**Exercise:**
Write out all the data verbatim. Skip images.

====== Recorded data ======

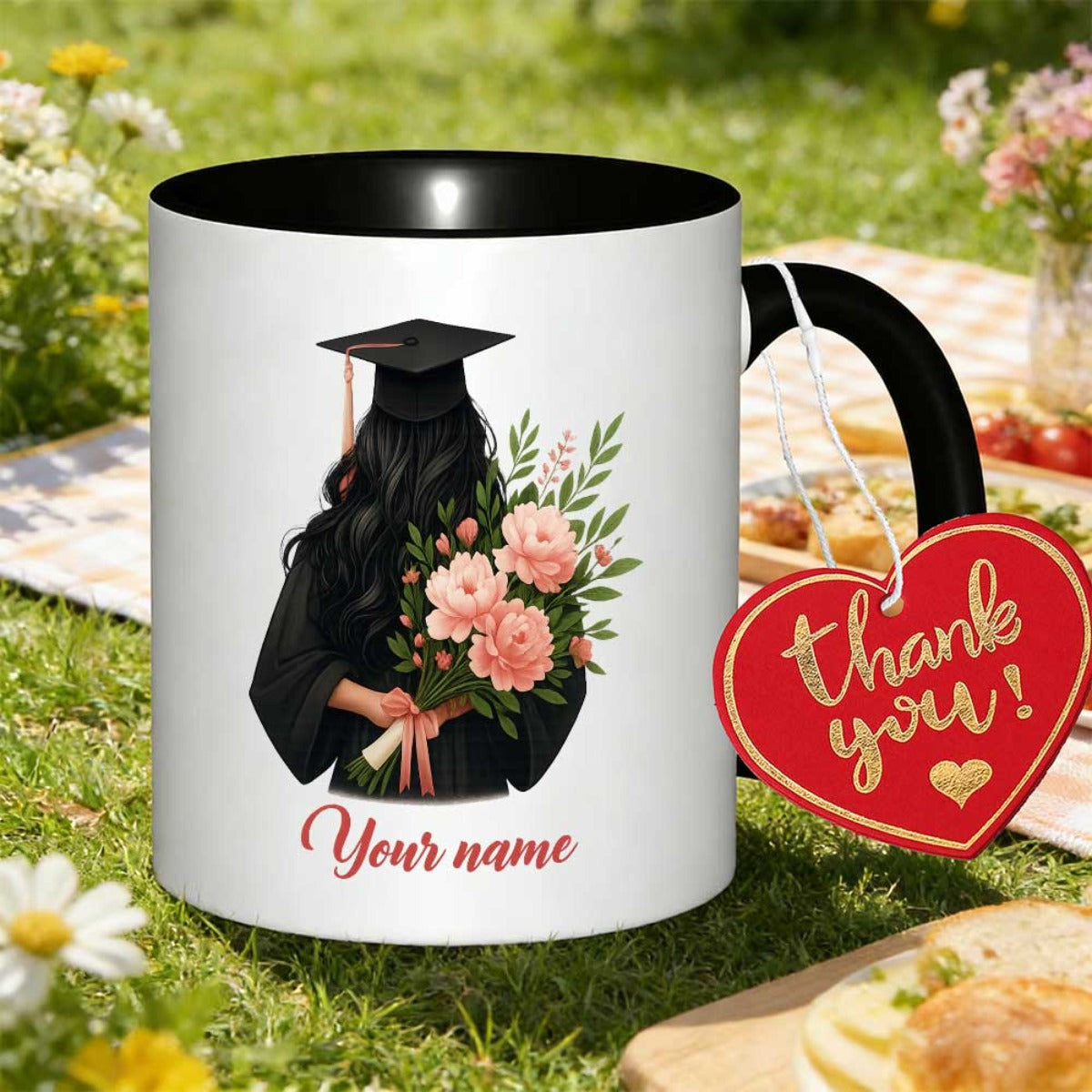 Tailorly Black Accent 11 oz Mug - graduation printed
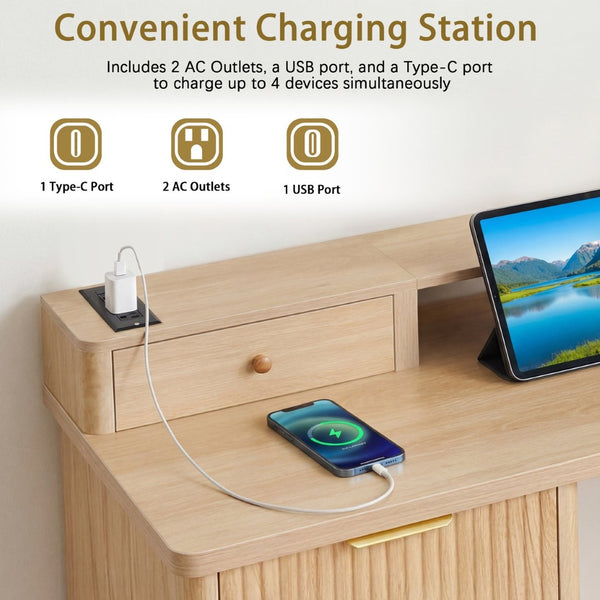 English Elm 59" Fluted Oak L-shaped Corner Desk with Charging Station Monitor Stand and File Storage Light Oak W2917S00005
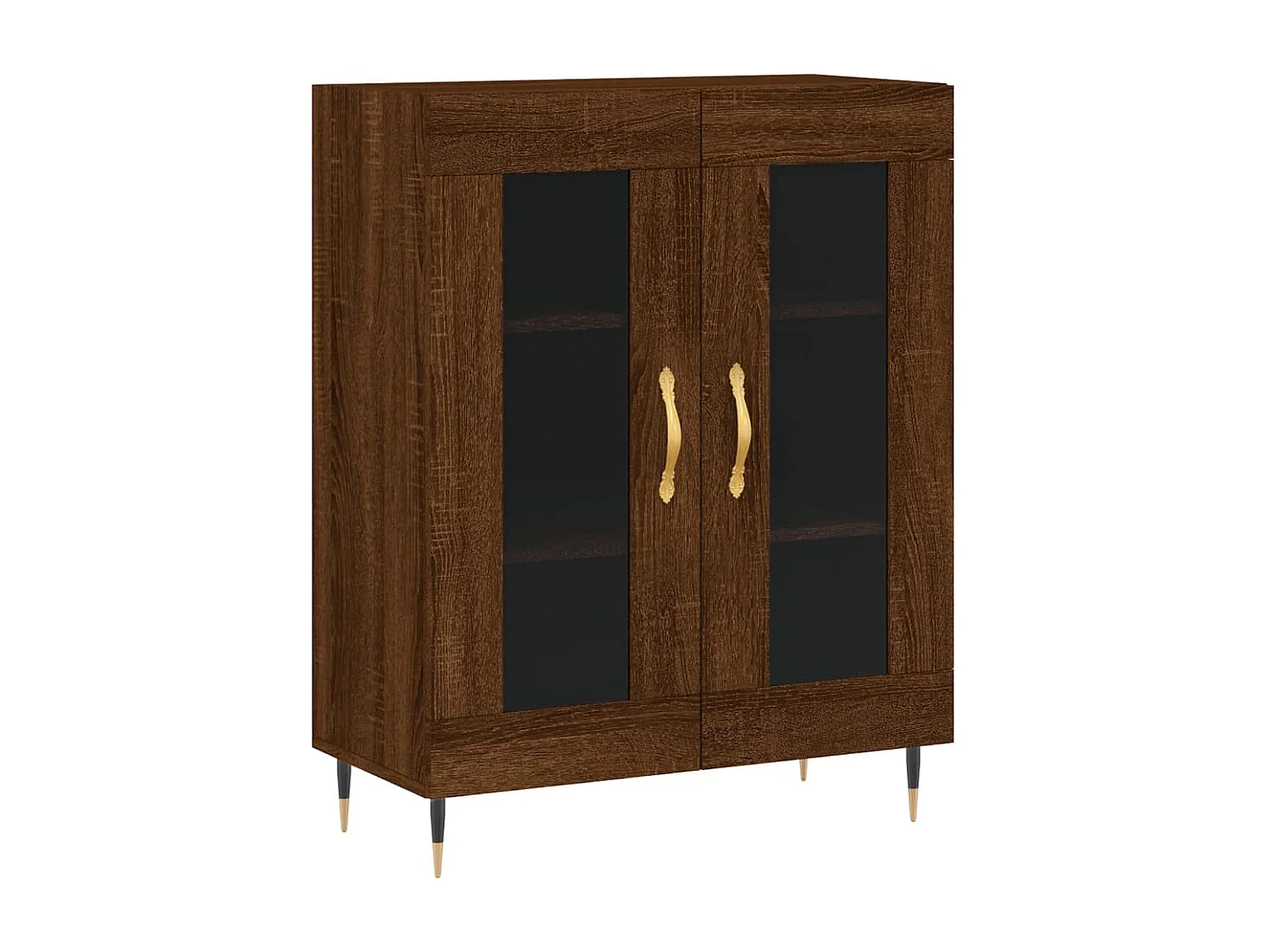 Buffet haut Chêne marron 69,5x34x180 cm Bois d'ingénierie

======

**Result:**
 Tailorly Black Accent 11 oz Mug - graduation printed
 English Elm 59" Fluted Oak L-shaped Corner Desk with Charging Station Monitor Stand and File Storage Light Oak W2917S00005
 Buffet haut Chêne marron 69,5x34x180 cm Bois d'ingénierie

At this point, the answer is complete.